Required work -> Return exactly and only these lines: the first of the listing through the one containing "Casa cu 5 camere".
··· Supplied entries ···
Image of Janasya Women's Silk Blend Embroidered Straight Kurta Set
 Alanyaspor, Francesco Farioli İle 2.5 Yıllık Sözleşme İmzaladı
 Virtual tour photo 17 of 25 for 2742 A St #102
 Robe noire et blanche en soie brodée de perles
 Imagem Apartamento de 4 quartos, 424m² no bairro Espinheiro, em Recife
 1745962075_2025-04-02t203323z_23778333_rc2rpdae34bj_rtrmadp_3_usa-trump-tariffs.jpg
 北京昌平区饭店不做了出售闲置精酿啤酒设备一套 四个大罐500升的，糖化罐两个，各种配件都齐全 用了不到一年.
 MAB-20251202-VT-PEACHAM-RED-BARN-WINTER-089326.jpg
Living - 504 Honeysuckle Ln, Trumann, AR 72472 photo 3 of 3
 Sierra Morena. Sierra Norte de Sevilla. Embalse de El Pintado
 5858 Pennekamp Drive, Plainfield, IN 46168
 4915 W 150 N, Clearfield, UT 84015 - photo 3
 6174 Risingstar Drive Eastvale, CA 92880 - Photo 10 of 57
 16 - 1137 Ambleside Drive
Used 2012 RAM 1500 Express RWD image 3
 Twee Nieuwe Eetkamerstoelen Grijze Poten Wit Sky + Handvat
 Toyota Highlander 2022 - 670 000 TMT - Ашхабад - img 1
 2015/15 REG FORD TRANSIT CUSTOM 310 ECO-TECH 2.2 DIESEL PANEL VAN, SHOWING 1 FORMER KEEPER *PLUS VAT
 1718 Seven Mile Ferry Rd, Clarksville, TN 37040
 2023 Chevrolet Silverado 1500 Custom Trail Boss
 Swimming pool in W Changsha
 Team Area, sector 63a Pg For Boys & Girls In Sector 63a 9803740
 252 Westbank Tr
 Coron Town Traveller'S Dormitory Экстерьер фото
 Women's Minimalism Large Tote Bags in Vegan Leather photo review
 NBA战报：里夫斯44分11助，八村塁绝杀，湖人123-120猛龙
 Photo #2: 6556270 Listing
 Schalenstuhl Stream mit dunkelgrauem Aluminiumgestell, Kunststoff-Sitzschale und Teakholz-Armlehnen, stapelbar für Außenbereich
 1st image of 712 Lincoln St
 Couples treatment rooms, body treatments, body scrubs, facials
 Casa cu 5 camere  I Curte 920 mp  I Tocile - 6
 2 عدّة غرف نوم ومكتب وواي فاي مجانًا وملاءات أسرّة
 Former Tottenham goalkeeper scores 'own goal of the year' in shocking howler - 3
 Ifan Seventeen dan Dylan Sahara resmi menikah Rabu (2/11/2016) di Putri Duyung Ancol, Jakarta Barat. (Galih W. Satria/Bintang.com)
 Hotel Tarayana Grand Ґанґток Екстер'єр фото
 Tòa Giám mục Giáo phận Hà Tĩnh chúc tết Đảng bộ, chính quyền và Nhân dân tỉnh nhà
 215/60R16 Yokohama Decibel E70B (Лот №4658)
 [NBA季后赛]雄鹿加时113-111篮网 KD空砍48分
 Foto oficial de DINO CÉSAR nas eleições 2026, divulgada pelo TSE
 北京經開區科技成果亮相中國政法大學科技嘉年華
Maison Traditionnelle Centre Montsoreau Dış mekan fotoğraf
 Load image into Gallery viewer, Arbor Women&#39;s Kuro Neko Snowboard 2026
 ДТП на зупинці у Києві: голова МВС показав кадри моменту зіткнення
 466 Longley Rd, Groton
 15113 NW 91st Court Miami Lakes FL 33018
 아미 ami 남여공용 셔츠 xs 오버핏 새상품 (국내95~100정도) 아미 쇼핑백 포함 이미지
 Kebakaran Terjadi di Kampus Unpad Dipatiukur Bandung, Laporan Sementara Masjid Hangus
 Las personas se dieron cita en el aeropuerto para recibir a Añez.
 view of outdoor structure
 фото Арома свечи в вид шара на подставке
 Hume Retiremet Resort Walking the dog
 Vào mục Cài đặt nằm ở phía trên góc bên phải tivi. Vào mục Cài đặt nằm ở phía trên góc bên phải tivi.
···
Answer section ->
Image of Janasya Women's Silk Blend Embroidered Straight Kurta Set
 Alanyaspor, Francesco Farioli İle 2.5 Yıllık Sözleşme İmzaladı
 Virtual tour photo 17 of 25 for 2742 A St #102
 Robe noire et blanche en soie brodée de perles
 Imagem Apartamento de 4 quartos, 424m² no bairro Espinheiro, em Recife
 1745962075_2025-04-02t203323z_23778333_rc2rpdae34bj_rtrmadp_3_usa-trump-tariffs.jpg
 北京昌平区饭店不做了出售闲置精酿啤酒设备一套 四个大罐500升的，糖化罐两个，各种配件都齐全 用了不到一年.
 MAB-20251202-VT-PEACHAM-RED-BARN-WINTER-089326.jpg
Living - 504 Honeysuckle Ln, Trumann, AR 72472 photo 3 of 3
 Sierra Morena. Sierra Norte de Sevilla. Embalse de El Pintado
 5858 Pennekamp Drive, Plainfield, IN 46168
 4915 W 150 N, Clearfield, UT 84015 - photo 3
 6174 Risingstar Drive Eastvale, CA 92880 - Photo 10 of 57
 16 - 1137 Ambleside Drive
Used 2012 RAM 1500 Express RWD image 3
 Twee Nieuwe Eetkamerstoelen Grijze Poten Wit Sky + Handvat
 Toyota Highlander 2022 - 670 000 TMT - Ашхабад - img 1
 2015/15 REG FORD TRANSIT CUSTOM 310 ECO-TECH 2.2 DIESEL PANEL VAN, SHOWING 1 FORMER KEEPER *PLUS VAT
 1718 Seven Mile Ferry Rd, Clarksville, TN 37040
 2023 Chevrolet Silverado 1500 Custom Trail Boss
 Swimming pool in W Changsha
 Team Area, sector 63a Pg For Boys & Girls In Sector 63a 9803740
 252 Westbank Tr
 Coron Town Traveller'S Dormitory Экстерьер фото
 Women's Minimalism Large Tote Bags in Vegan Leather photo review
 NBA战报：里夫斯44分11助，八村塁绝杀，湖人123-120猛龙
 Photo #2: 6556270 Listing
 Schalenstuhl Stream mit dunkelgrauem Aluminiumgestell, Kunststoff-Sitzschale und Teakholz-Armlehnen, stapelbar für Außenbereich
 1st image of 712 Lincoln St
 Couples treatment rooms, body treatments, body scrubs, facials
 Casa cu 5 camere  I Curte 920 mp  I Tocile - 6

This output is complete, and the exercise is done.